Many people in Georgia believe bankruptcy only looks at what happens after you file your paperwork. In reality, the months leading up to your filing matter just as much. Using credit cards or selling property right before filing can raise red flags. These actions may delay your case or reduce the debt relief you receive.
Using credit shortly before filing
Using credit cards or taking out loans right before filing for bankruptcy can create serious legal issues. Under federal law, the court assumes that when you use credit, you intend to pay it back. If you spend a lot of money just before filing, a creditor may argue you never planned to pay.

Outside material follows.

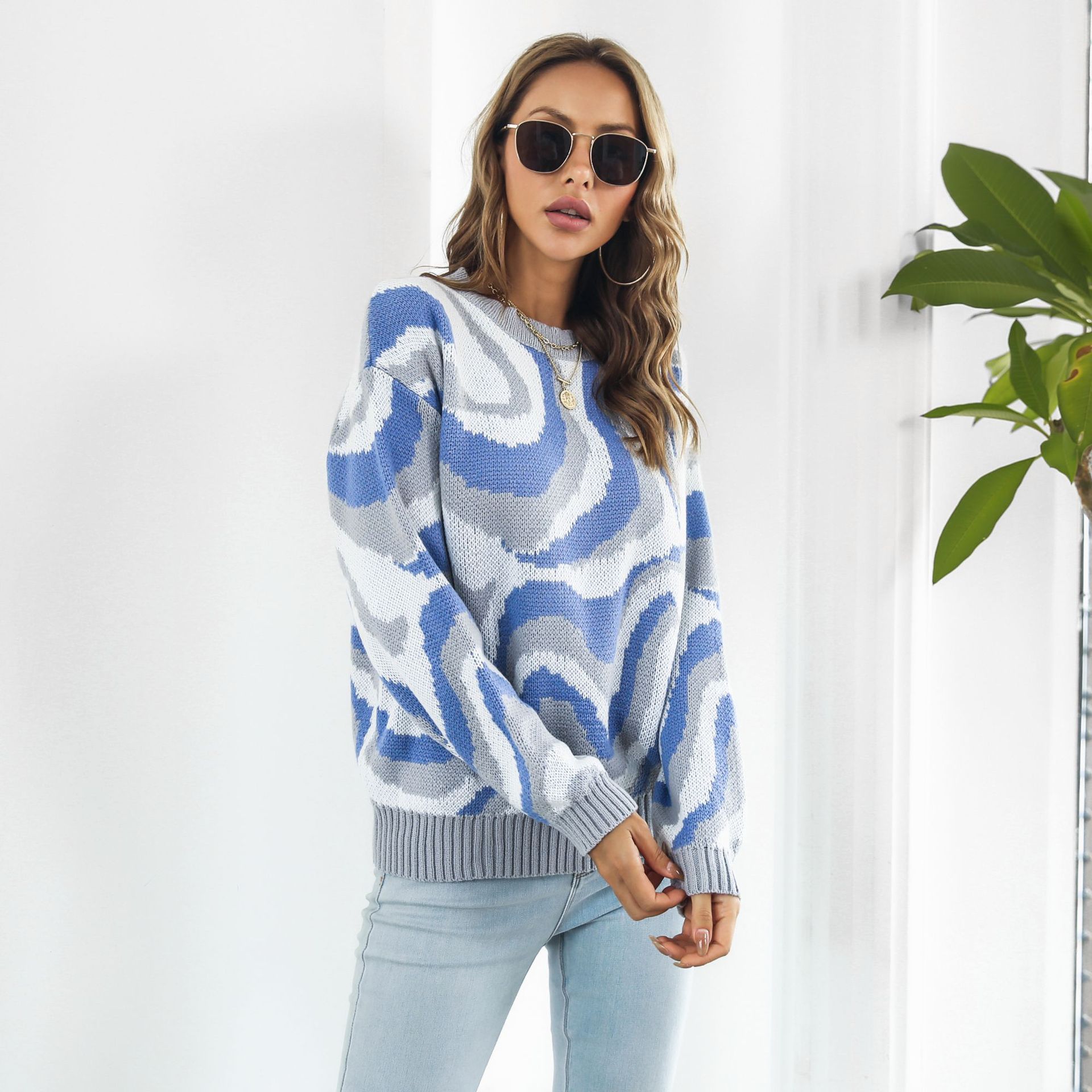 Tie Dyed Brocade Sweater Women Loose Autumn Winter Long-Sleeved Casual Knitwear Sweater
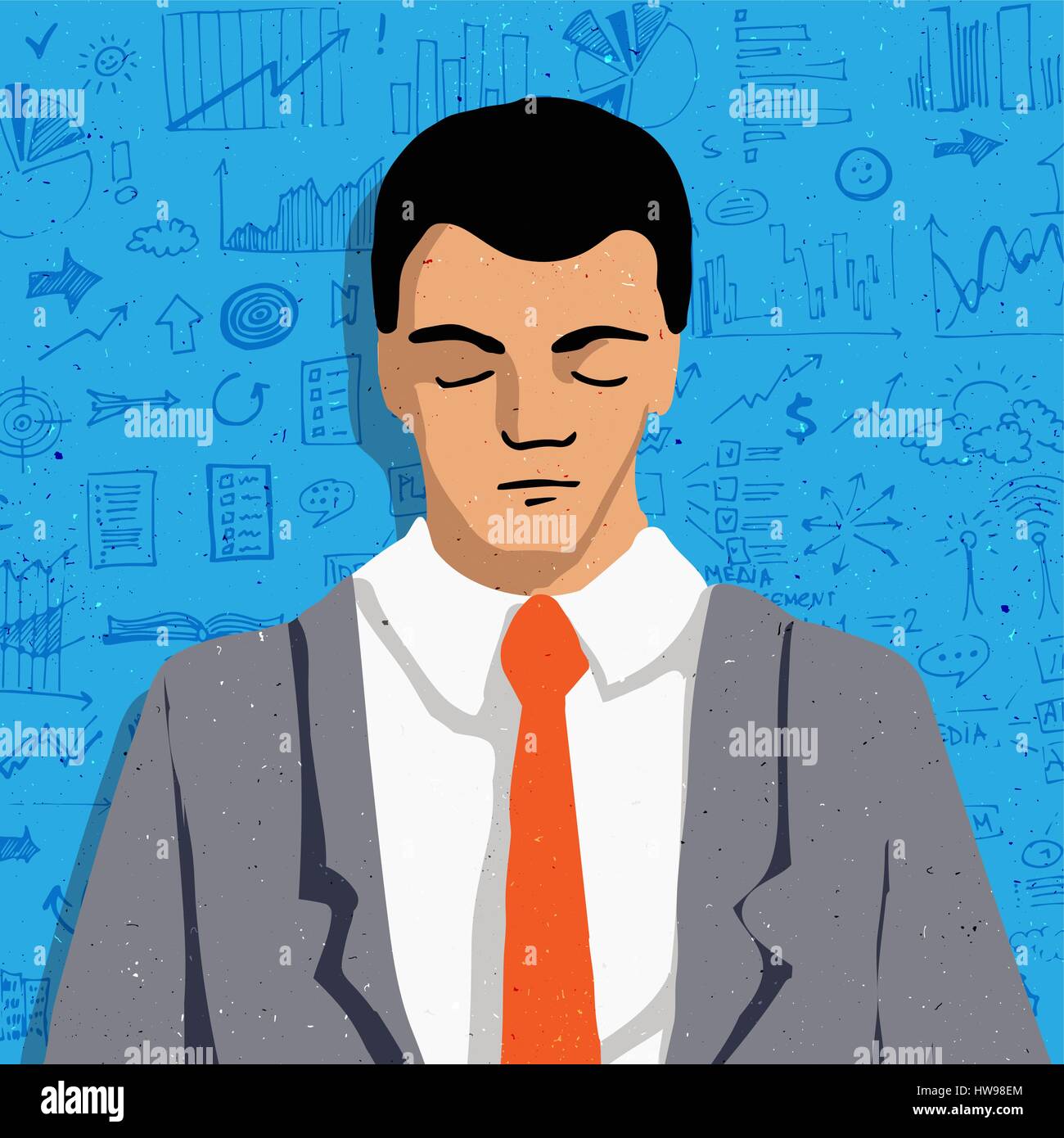 Businessman Portrait Thinking Man With Business Infographic Stock Vector Image Art Alamy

In Georgia, specific rules apply to “luxury goods” and cash. If you charge more than $800 for luxury items within 90 days of filing, the court may presume you acted improperly. Similarly, courts view cash advances of more than $1,100 taken within 70 days of filing with suspicion. If a court agrees with the creditor, you will still owe that debt even after your bankruptcy ends.
Selling or transferring assets before filing
Selling property before filing also carries risks. Bankruptcy law requires honesty and fairness to the people you owe. The law sees selling assets for less than they are worth—or giving them to friends and family—as “voidable.”
In Georgia, a bankruptcy trustee reviews your past sales and gifts. Under the Georgia Uniform Voidable Transactions Act, a trustee can look back up to four years to undo a transfer. If the trustee finds a problem, they can require the recipient to return the item to the bankruptcy estate.
Paying off one specific friend or creditor while ignoring others can also cause trouble. If you pay a general creditor within 90 days of filing (or 1 year for a family member), the trustee can “claw back” that money to share it fairly among everyone you owe.
Why legal guidance matters
Bankruptcy rules focus on timing and intent. Actions that seem helpful can lead to legal trouble. Speaking with a bankruptcy attorney before using credit or selling assets can help you plan safely. Legal guidance enables you to understand the rules. They also help you avoid costly errors and protect the relief bankruptcy offers.